[Stored dataset items]
━━━━━━━━━━━━━━━━━━━━

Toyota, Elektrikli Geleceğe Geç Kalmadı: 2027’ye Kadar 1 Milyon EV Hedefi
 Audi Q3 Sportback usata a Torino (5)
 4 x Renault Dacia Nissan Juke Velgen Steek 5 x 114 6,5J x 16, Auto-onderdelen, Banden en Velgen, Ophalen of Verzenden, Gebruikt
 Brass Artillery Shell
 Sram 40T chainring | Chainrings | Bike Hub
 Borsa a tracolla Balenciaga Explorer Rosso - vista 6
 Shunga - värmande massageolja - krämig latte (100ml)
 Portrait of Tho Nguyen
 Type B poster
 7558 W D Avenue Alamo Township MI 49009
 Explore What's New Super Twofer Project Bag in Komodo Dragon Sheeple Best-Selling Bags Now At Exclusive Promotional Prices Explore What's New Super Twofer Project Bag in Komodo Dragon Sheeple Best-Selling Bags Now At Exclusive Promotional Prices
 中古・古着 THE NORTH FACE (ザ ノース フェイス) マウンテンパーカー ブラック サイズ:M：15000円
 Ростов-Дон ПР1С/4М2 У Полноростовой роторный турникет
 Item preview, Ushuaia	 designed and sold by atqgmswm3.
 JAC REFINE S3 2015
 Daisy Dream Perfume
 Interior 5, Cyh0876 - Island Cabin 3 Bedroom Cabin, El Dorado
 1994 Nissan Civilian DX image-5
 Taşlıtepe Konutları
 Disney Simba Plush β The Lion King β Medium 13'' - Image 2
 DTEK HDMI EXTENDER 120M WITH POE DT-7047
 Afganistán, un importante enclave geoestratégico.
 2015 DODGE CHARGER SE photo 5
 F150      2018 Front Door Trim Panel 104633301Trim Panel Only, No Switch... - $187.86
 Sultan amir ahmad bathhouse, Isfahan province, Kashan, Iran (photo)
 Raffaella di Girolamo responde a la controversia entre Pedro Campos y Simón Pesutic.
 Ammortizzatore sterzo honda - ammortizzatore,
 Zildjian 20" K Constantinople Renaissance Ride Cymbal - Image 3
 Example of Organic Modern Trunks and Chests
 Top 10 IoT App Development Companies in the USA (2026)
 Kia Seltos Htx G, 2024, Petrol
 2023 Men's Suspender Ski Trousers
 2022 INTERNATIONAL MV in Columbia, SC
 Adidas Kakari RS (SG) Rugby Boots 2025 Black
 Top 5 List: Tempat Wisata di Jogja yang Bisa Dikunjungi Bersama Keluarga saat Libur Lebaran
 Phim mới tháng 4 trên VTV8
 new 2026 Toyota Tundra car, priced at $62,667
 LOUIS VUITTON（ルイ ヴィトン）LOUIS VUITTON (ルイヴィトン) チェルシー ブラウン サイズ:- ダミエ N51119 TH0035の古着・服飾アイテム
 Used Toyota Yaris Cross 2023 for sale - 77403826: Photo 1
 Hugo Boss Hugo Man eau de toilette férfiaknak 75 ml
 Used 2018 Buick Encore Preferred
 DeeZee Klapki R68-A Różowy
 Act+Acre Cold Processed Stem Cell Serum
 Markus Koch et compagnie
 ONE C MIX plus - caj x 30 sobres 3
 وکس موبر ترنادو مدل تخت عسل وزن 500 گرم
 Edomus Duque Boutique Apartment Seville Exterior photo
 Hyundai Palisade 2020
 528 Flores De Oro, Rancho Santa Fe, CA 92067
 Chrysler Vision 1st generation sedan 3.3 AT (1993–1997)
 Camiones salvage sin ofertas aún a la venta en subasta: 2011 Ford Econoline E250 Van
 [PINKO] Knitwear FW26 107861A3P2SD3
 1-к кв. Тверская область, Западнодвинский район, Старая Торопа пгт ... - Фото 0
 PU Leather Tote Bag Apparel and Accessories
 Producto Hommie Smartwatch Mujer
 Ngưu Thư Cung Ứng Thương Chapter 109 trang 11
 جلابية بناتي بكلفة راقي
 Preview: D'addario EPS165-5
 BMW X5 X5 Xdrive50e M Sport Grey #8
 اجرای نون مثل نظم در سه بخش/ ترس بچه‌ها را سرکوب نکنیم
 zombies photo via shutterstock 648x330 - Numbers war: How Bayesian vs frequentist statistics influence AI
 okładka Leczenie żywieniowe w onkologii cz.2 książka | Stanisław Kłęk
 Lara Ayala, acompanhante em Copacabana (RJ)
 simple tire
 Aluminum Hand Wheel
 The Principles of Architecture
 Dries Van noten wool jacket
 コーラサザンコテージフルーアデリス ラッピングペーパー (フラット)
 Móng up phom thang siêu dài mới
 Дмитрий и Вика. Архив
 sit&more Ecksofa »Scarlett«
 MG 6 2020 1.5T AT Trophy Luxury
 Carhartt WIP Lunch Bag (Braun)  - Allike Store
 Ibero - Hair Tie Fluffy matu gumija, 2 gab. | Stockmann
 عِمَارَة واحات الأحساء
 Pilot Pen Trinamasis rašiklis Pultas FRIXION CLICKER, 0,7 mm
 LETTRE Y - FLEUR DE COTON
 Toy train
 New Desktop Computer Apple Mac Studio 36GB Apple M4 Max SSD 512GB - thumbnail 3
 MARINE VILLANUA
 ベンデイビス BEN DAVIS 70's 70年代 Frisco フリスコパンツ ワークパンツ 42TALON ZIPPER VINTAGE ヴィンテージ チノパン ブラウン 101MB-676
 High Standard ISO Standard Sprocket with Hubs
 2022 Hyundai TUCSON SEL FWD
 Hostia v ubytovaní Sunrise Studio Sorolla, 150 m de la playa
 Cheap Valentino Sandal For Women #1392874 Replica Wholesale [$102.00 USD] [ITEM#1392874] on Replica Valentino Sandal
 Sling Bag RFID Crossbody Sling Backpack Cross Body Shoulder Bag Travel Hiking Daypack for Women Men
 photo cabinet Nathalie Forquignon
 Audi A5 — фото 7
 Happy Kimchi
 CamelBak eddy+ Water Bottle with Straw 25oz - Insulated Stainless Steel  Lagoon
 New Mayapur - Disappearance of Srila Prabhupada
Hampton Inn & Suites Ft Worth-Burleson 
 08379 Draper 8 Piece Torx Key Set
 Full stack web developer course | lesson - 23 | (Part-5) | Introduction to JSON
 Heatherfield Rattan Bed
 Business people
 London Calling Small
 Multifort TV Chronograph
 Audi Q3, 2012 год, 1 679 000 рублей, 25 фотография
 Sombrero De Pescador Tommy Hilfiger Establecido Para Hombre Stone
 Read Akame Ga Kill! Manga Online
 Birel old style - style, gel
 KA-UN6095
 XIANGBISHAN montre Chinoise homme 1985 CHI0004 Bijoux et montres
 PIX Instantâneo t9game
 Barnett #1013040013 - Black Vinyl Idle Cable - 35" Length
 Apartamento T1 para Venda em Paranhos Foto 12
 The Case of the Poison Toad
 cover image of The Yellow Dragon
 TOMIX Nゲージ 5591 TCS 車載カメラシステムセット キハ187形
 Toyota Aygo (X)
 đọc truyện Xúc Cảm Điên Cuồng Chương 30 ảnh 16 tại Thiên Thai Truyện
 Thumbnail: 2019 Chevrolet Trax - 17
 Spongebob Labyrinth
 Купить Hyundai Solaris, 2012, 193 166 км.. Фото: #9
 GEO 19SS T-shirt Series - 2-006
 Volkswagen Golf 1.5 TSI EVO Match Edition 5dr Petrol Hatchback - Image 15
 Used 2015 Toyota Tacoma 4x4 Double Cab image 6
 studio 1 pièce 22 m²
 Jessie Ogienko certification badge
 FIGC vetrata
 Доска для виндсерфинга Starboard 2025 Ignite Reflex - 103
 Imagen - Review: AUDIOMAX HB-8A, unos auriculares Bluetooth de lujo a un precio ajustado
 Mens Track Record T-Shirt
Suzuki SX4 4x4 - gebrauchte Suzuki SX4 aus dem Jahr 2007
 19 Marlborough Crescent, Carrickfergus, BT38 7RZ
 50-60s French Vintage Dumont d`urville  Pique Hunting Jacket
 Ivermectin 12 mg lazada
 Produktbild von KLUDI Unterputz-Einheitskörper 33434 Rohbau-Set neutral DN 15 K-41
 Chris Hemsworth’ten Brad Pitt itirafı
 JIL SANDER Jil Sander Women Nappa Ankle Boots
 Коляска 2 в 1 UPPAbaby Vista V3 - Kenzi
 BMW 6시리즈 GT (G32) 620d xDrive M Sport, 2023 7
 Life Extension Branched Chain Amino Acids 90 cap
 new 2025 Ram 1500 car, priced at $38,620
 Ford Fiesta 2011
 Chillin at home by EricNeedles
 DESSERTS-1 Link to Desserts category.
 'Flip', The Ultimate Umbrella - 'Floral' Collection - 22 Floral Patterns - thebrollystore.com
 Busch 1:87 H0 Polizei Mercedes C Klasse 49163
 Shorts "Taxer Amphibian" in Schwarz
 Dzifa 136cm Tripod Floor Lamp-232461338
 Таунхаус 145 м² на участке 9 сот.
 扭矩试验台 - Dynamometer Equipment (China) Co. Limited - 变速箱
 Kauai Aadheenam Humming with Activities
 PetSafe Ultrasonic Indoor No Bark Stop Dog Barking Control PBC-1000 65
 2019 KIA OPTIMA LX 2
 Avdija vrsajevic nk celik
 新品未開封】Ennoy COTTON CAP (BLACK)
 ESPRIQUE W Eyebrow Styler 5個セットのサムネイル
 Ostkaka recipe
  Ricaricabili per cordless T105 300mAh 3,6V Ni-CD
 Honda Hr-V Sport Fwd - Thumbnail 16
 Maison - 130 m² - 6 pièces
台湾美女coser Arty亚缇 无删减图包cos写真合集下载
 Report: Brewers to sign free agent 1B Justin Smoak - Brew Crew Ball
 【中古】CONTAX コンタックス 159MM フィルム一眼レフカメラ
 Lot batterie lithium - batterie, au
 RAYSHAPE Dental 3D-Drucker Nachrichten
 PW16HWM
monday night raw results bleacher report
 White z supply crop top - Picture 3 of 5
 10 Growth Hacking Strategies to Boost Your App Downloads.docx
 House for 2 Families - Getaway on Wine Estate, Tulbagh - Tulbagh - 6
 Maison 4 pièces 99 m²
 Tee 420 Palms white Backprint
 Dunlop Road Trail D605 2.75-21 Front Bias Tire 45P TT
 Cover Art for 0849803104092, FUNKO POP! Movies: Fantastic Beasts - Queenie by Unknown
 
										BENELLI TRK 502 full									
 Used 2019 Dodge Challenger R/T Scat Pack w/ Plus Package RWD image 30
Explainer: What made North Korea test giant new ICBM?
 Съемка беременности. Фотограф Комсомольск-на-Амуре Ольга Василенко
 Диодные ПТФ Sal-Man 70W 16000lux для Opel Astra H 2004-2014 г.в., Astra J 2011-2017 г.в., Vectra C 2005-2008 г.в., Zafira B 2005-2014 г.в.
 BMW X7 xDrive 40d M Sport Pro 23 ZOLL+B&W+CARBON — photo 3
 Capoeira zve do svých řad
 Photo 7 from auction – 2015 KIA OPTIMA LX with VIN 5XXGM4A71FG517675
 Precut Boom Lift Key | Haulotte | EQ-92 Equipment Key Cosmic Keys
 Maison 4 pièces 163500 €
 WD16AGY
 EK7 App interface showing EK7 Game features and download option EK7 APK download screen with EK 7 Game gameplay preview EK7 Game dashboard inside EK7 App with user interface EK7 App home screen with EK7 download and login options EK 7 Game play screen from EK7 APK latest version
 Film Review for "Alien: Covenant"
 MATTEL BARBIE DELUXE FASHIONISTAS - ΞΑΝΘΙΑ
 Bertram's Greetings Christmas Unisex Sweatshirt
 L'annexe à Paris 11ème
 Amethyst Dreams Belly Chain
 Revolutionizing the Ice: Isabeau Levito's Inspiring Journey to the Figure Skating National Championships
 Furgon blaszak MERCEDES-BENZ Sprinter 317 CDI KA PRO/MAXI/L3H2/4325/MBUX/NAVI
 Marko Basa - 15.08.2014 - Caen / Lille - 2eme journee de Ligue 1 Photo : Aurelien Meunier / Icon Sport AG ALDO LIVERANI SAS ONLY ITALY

━━━━━━━━━━━━━━━━━━━━

**Exercise prompt**
Taking the entries above, write out exactly each line from the one holding "sold by atqgmswm3." to the one holding "Disney Simba Plush", both included, and stop there.

**Task answer**
 Item preview, Ushuaia	 designed and sold by atqgmswm3.
 JAC REFINE S3 2015
 Daisy Dream Perfume
 Interior 5, Cyh0876 - Island Cabin 3 Bedroom Cabin, El Dorado
 1994 Nissan Civilian DX image-5
 Taşlıtepe Konutları
 Disney Simba Plush β The Lion King β Medium 13'' - Image 2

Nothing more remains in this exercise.